How to complete this task: Every line from the one containing "Gehe zu Vollbildansicht: esmara®" through the end of the listing below must be given again exactly, and nothing else; exclude pictures.

Data segment:
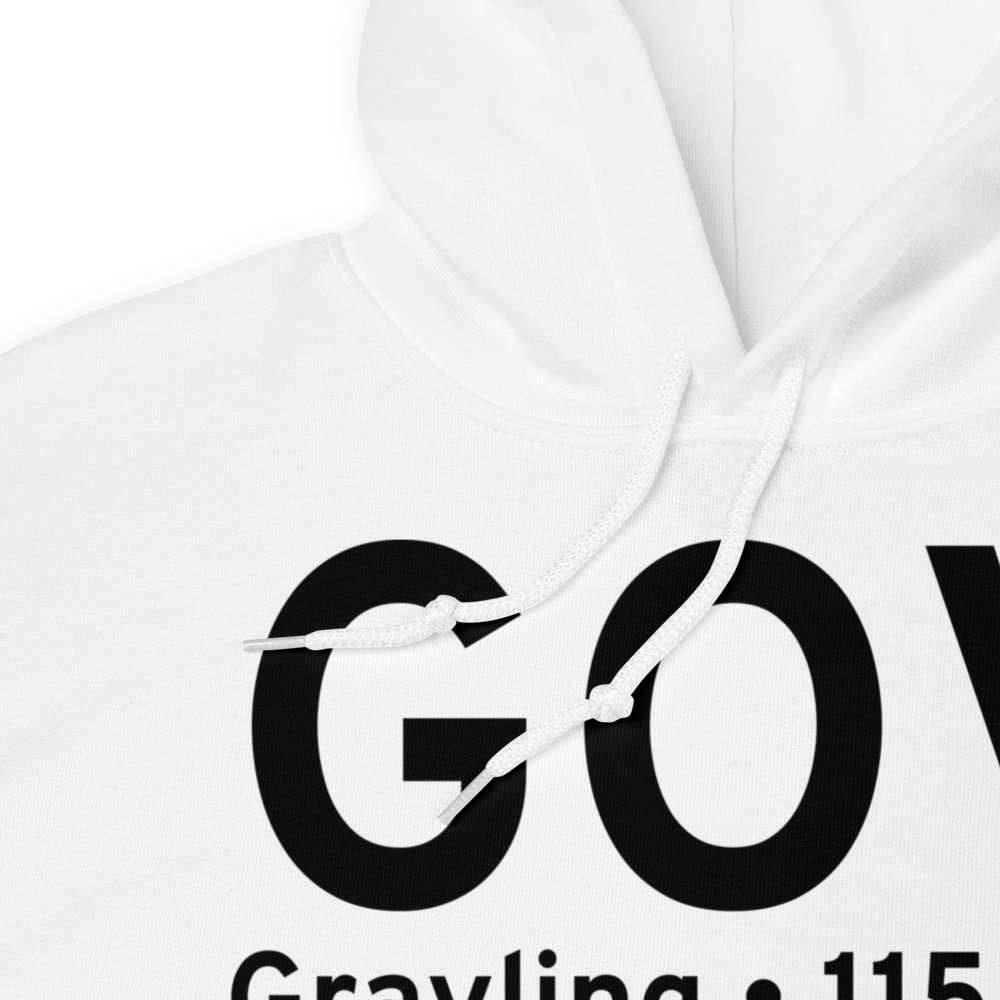 Grayling (KGOV) Airport Hoodie Sweatshirt 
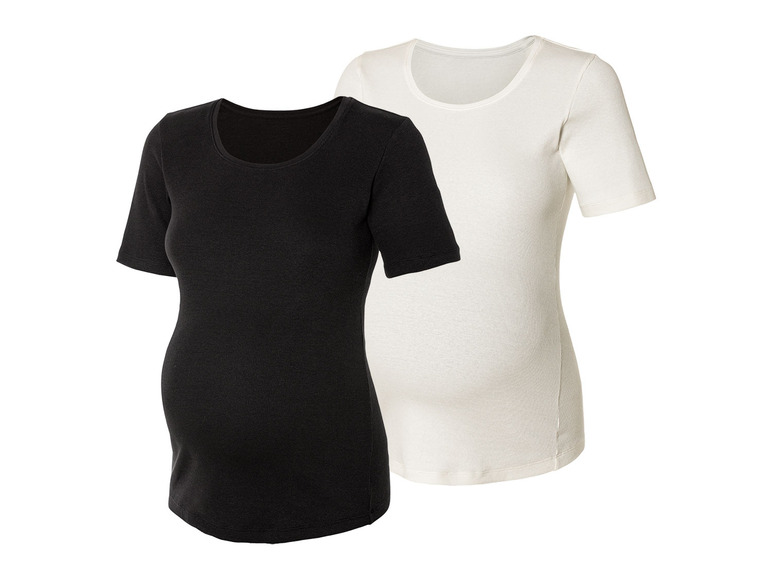 Gehe zu Vollbildansicht: esmara® Damen Umstands-T-Shirts, 2 Stück, in modischer Ripp-Qualität - Bild 9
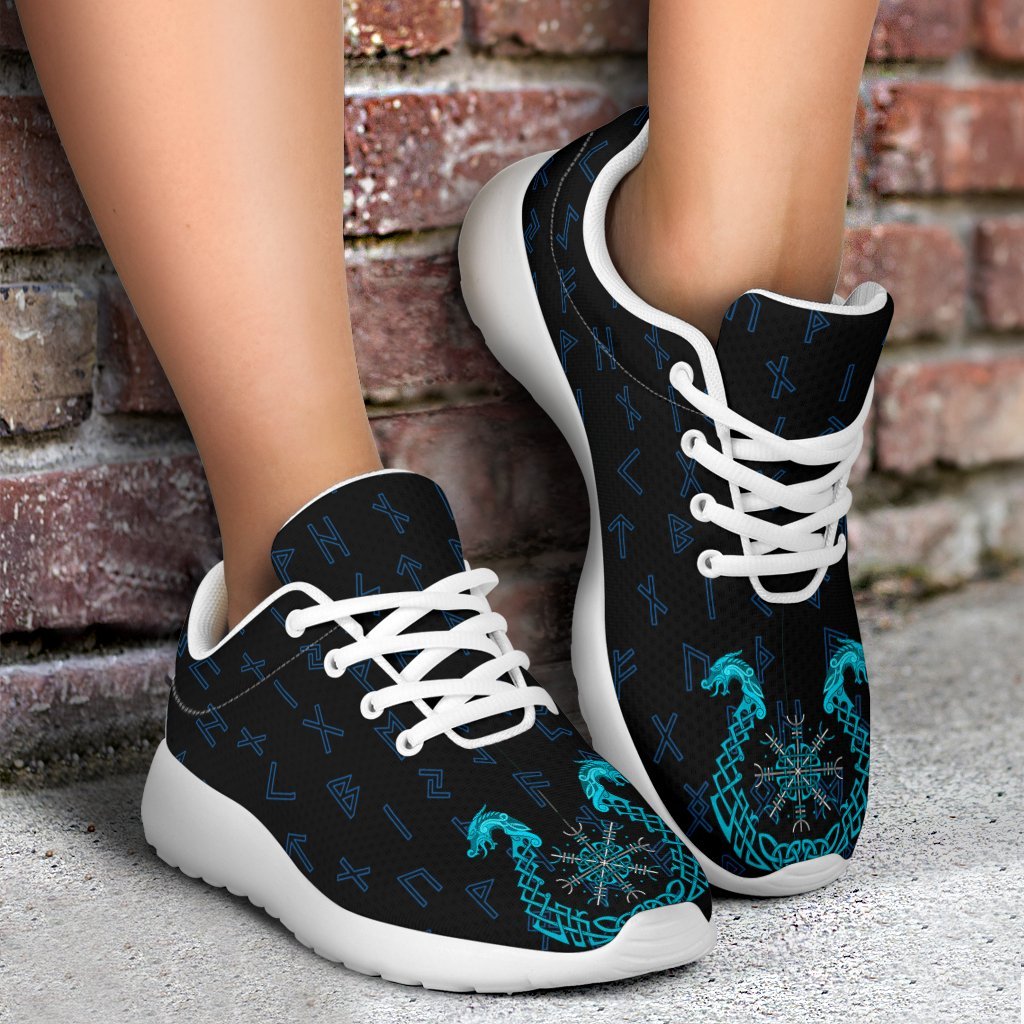 Viking Sport Sneakers, Aegishjalmur Helm Of Awe Blue Edition RLT12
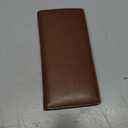 Alldaily Ultra Slim Thin Women Wallet RFID Blocking Credit Card Holder Bifold Long Ladies Billfold (Coffee)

Your solution:
 Gehe zu Vollbildansicht: esmara® Damen Umstands-T-Shirts, 2 Stück, in modischer Ripp-Qualität - Bild 9
 Viking Sport Sneakers, Aegishjalmur Helm Of Awe Blue Edition RLT12
 Alldaily Ultra Slim Thin Women Wallet RFID Blocking Credit Card Holder Bifold Long Ladies Billfold (Coffee)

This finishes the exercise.